Linear Models (Regressions): An Overview

I. Ozkan

Fall 2025

Preliminary Readings

Using R for Introductory Econometrics, Florian Heiss, pp:81-158
Introduction to Econometrics with R, Christoph Hanck, Martin Arnold, Alexander Gerber, and Martin Schmelzer, Chapters:4-7
An Introduction to Statistical Learning with Applications in R, Gareth James, Daniela Witten, Trevor Hastie and Robert Tibshirani, Chapter 3

Learning Objectives

Part of Supervised Learning (input(s)-output):

Keywords:

Inputs: independent variable, covariates, predictors, features, regressors.
Output: dependent variable, variates, labels, regressand.
Review of Basics of Linear Regression (we do not go into the details, refer to econometrics course notes).
Regularization
Ridge Regression
Probit Regression
Logit Regression
Time Series Data (skipped!!)

Linear Models (Linear Regression)

Linear Approximation may be used to approximate many process successfully
Can be combined to create a larger model (system)
Possible to obtain analytical solution (may not the case for larger system)
Linear regression provides an introduction for many of the core machine learning concepts

Advertising Data

Let’s look at some observations with a plot of all data.

TV	radio	newspaper	sales
230.1	37.8	69.2	22.1
44.5	39.3	45.1	10.4
17.2	45.9	69.3	9.3
151.5	41.3	58.5	18.5
180.8	10.8	58.4	12.9
8.7	48.9	75.0	7.2

Linear Model, TV Advertising vs Sales

Linear Models

Linear Models, Least Square Estimation

Let:

$\{(x_1, y_1), (x_2,y_2), \cdots , (x_n, y_n)\}$ are the $n$ input-output pairs. $x_i \in \mathbb{R^k}$ is a vector with $k$ attributes.

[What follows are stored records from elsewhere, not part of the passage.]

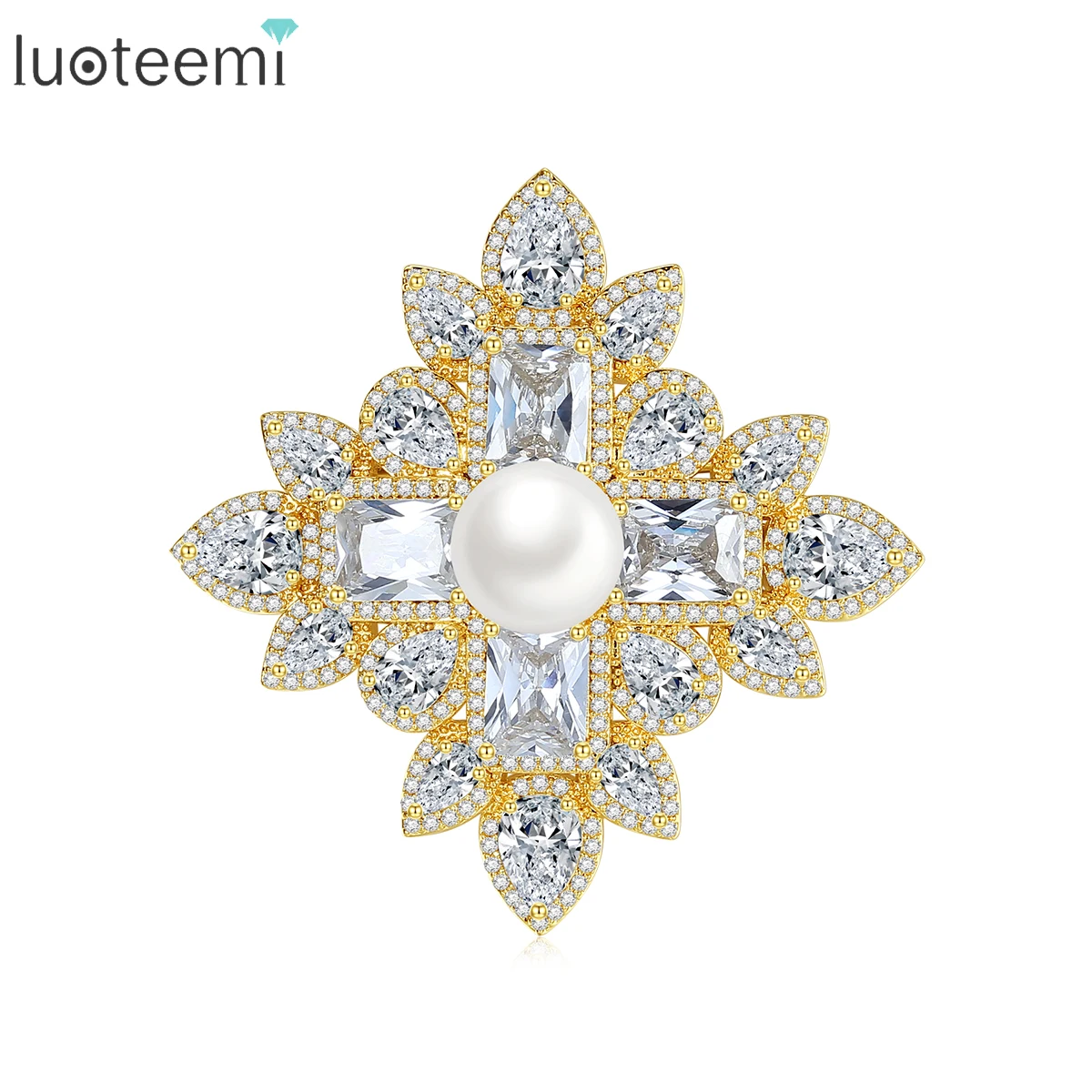 

LUOTEEMI New Design Cubic Zirconia Brooches Pins Imitation Pearls Winter Coat Accessories for Women Girls Party Dress Decoration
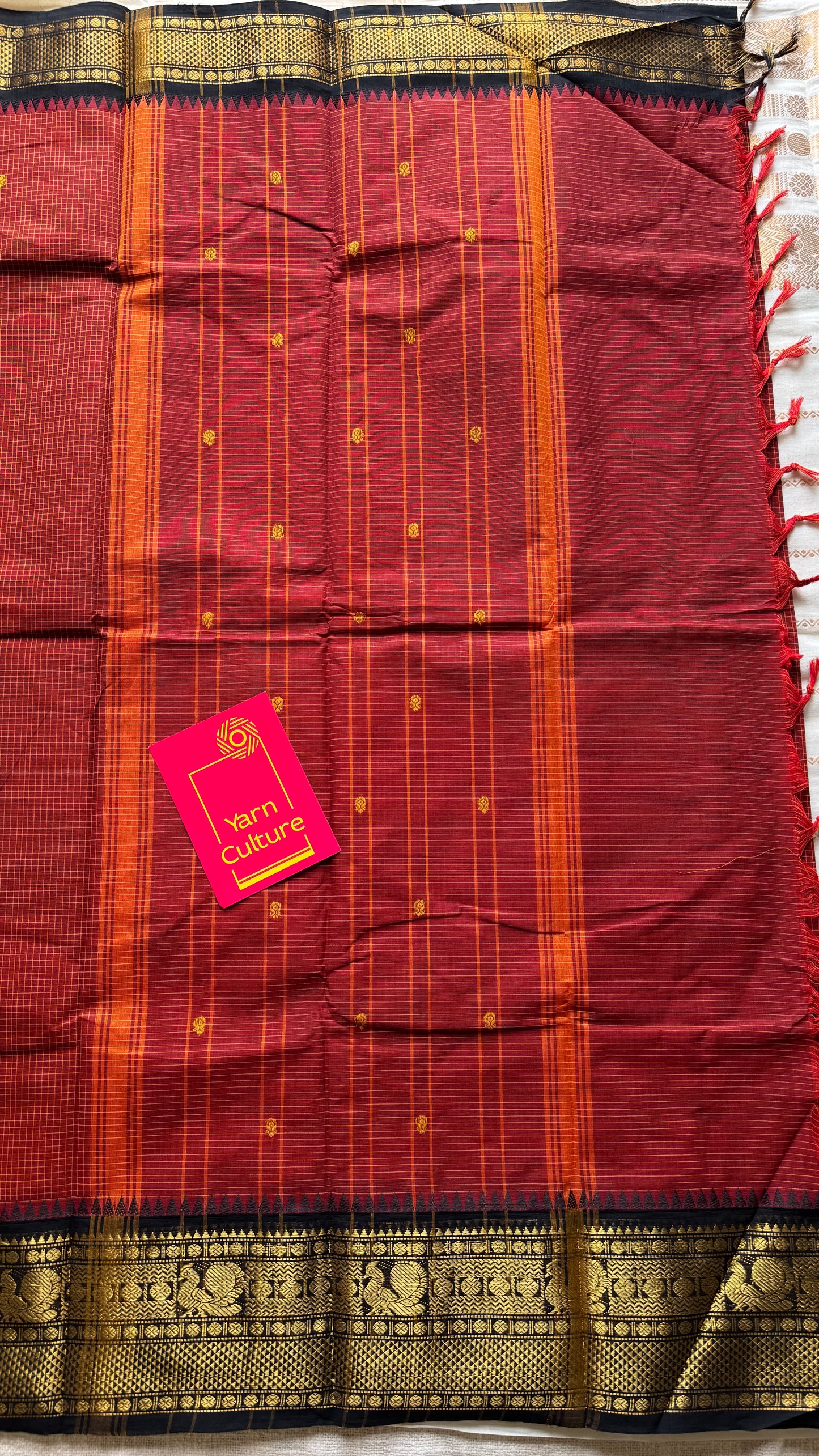 Brick red with black contrast, checkered kanchi cotton saree - YCCOTNJU20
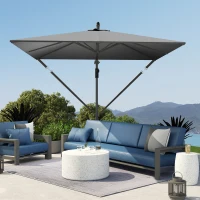 Outsunny Patio Offset Umbrella UPF 50+ UV Protection, Crank Parasol with Base, Cover & Wind Securing, Khaki(m-9)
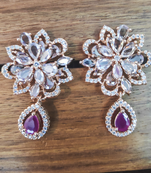 Pink cubic zirconia danglers drops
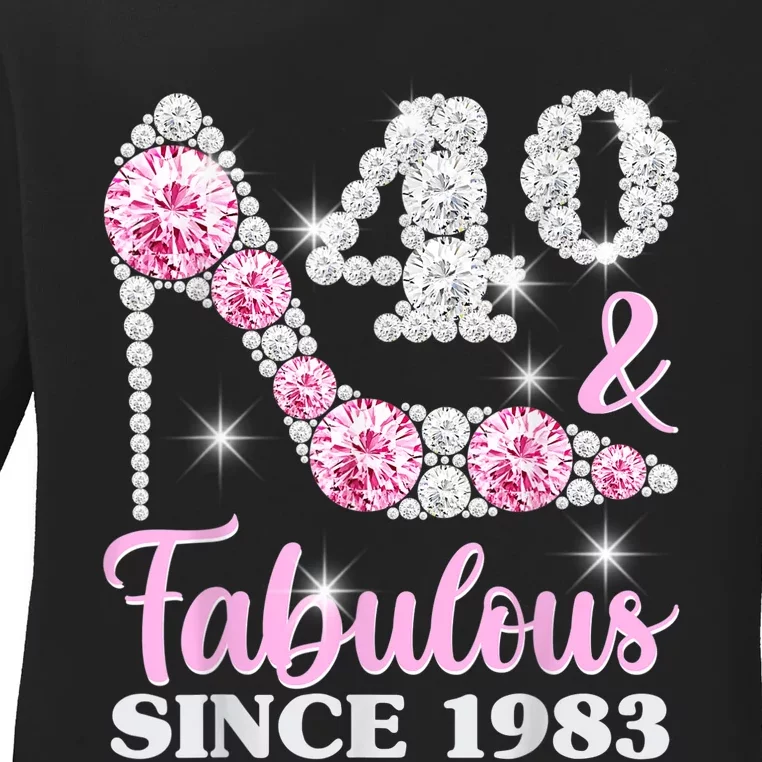 40th Birthday Shirts For Wom.e.n, 40 And Fabulous Since 1983 Ladies Long Sleeve Shirt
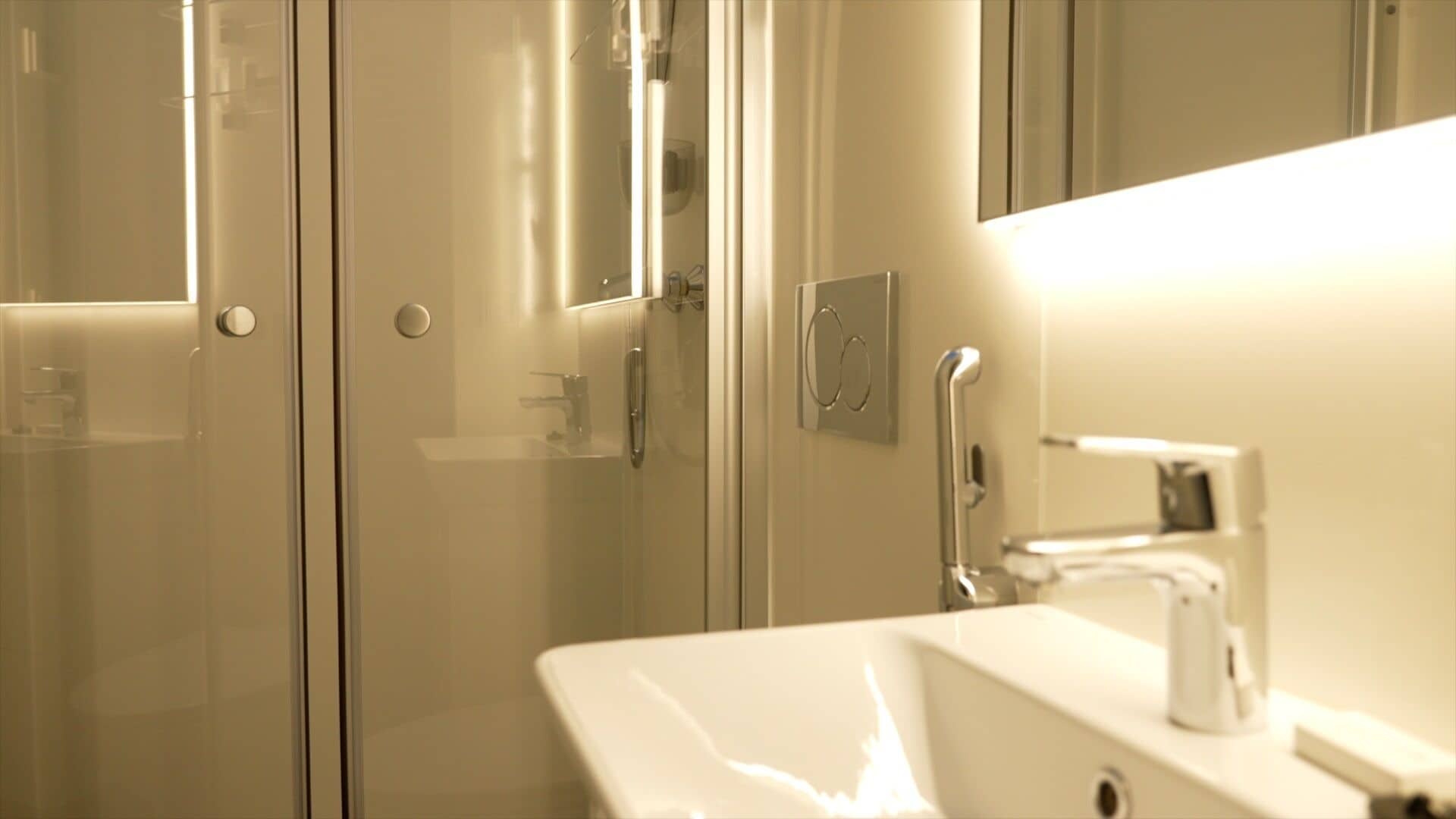 panoramic cabin, 1 double bed | bathroom | shower, free toiletries, hair dryer, towels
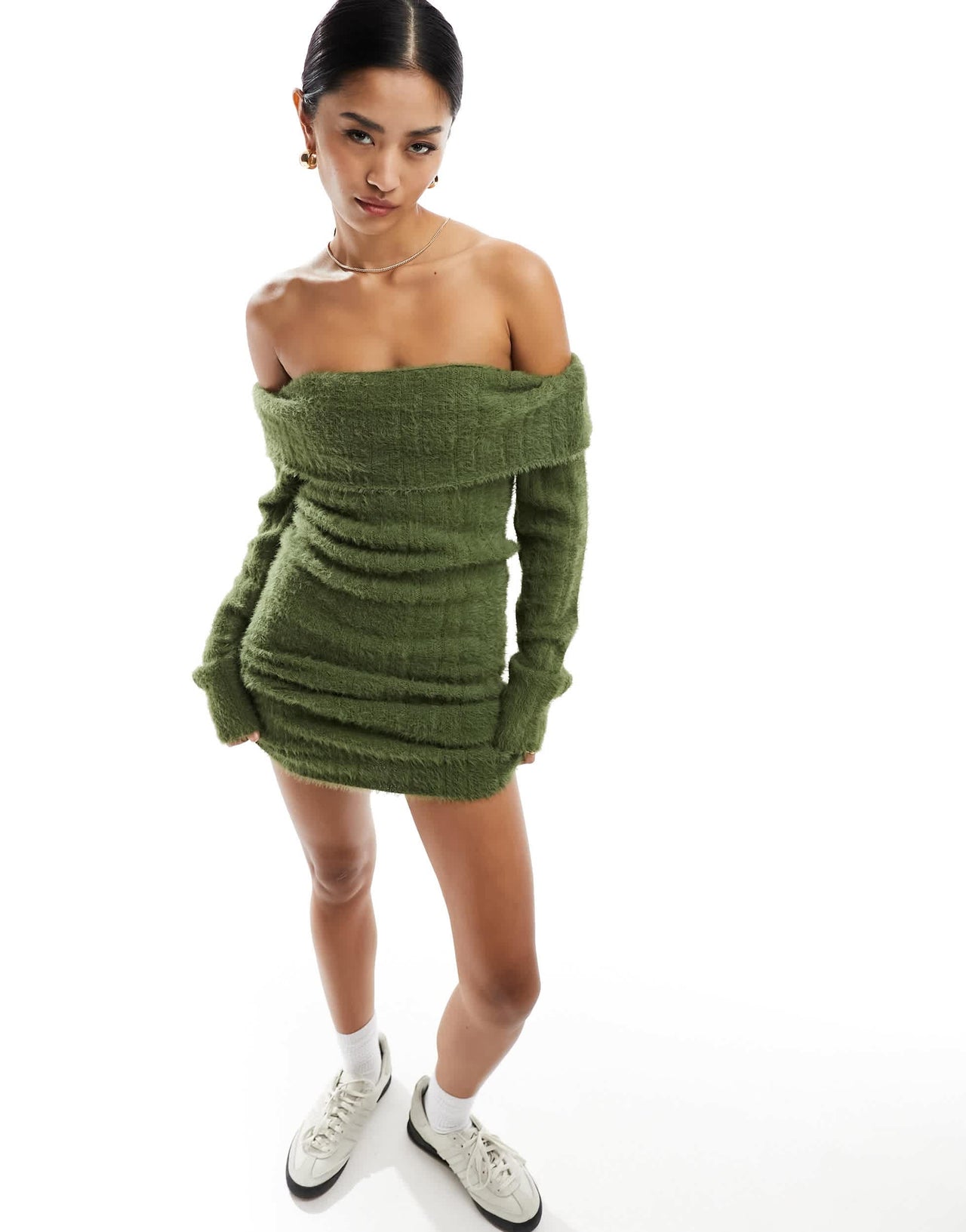 Miss Selfridge lash rib knit fold over bardot mini dress in soft khaki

Output (target), $y_i \in \mathbb{R}$ is univariate.

Then the linear model is;

\[y_i=\theta_0+\theta_1x_1+ \theta_2x_2+ \cdots + \theta_kx_k+\varepsilon_i\]

In some textbooks this is written with $\beta$ as:

\[y_i=\beta_0+\beta_1x_1+ \beta_2x_2+ \cdots + \beta_kx_k+\varepsilon_i\]

The estimation problem is then to find $\hat \theta$ (or $\hat \beta$) with some regular assumptions (lets skip them and refer to Econometrics course).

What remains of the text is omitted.